The following commentary comes from an independent investor as part of TheStreet's guest contributor program, which is separate from the company's news coverage.

NEW YORK ( TheStreet) -- Some say State Administration for Industry and Commerce (SAIC) filings for Chinese reverse takeovers (RTOs) don't matter. And neither do State Administration of Taxation (SAT) documents that are inaccessible to independent third parties such as auditors. Think again.

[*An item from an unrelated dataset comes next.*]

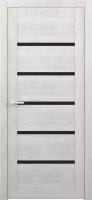 Межкомнатная дверь (дверное полотно) Albero Вена Эко-Шпон / Дуб нордик / Черное стекло 80х200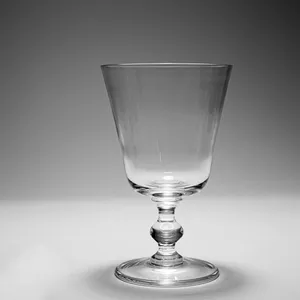 Large Clear Tapered Water Goblet with a bubbled short stem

SAIC and SAT filings do matter. Deloitte Touche Tohmatsu (DTT) finally chose to reference SAIC and SAT documents in its probe into China MediaExpress Holdings (CCME) operations:

Issue raised: Information on file with the State Administration of Industry and Commerce as to certain subsidiaries appearing to be inconsistent with comparable financial information provided to DTT.

Issue raised: The verification of certain subsidiary tax payments with the local office of the State Administration of Taxation.

If auditors are referencing SAIC filings in audits, shouldn't they be important to investors? Investors who ignore them may find that their portfolios of diamonds in the rough with glorious price-to-earnings ratios of 5 or less are piles of worthless paper. (Investors also need to be aware that companies that amend past filings likely aren't alerting SAT agencies of changes.)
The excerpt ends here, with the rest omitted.